ABOUT THIS TASK: Where the line with "ドラクエ特有のループ質問にどう答えてもゴネる葵【VOICEROID劇場】" appears below, start writing out lines exactly, and finish with the line with "(1m) - AP71-細節圖3", which is included; write out nothing else.

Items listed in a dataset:
· · · · ·

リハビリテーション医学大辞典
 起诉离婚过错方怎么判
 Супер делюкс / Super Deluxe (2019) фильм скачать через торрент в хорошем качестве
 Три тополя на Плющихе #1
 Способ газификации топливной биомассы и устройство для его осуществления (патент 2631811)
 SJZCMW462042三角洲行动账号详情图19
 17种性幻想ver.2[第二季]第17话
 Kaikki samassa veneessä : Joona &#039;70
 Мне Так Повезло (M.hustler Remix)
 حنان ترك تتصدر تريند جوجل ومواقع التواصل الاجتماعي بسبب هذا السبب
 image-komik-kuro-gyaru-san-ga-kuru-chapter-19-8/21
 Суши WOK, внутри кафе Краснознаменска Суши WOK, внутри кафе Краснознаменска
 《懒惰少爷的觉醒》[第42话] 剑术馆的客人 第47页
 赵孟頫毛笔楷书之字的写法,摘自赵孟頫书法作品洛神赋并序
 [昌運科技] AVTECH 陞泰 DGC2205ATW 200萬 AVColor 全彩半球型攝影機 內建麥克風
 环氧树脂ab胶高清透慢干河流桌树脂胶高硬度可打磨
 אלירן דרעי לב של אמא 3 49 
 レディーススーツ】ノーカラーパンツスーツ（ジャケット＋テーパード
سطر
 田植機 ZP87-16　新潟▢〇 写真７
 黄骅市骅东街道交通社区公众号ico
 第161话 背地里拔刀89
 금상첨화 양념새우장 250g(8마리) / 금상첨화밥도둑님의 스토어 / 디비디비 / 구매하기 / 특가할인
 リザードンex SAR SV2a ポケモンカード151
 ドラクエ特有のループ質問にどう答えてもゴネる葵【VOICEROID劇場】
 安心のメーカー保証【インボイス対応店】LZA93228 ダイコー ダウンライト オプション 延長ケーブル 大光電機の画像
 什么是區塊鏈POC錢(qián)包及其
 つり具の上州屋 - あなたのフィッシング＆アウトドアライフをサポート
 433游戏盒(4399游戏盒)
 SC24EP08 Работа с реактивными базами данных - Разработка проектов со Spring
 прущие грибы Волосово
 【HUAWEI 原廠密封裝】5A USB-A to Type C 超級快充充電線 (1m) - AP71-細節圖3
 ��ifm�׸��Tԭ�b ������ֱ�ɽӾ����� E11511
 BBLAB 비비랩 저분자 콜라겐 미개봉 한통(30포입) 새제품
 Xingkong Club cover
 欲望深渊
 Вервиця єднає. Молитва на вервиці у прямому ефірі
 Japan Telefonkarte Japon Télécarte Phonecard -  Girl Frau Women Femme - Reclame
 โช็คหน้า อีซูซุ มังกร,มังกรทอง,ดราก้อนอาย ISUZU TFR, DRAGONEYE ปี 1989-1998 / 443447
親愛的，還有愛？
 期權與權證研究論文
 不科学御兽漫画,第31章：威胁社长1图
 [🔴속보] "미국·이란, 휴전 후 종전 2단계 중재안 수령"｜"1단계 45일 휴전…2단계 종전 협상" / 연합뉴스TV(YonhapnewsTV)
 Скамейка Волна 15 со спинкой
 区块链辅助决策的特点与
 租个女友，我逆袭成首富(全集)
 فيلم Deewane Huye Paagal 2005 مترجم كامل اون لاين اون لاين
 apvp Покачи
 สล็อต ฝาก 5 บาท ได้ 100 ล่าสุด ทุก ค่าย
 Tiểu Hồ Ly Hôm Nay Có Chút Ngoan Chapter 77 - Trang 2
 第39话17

· · · · ·

SOLUTION BELOW:
 ドラクエ特有のループ質問にどう答えてもゴネる葵【VOICEROID劇場】
 安心のメーカー保証【インボイス対応店】LZA93228 ダイコー ダウンライト オプション 延長ケーブル 大光電機の画像
 什么是區塊鏈POC錢(qián)包及其
 つり具の上州屋 - あなたのフィッシング＆アウトドアライフをサポート
 433游戏盒(4399游戏盒)
 SC24EP08 Работа с реактивными базами данных - Разработка проектов со Spring
 прущие грибы Волосово
 【HUAWEI 原廠密封裝】5A USB-A to Type C 超級快充充電線 (1m) - AP71-細節圖3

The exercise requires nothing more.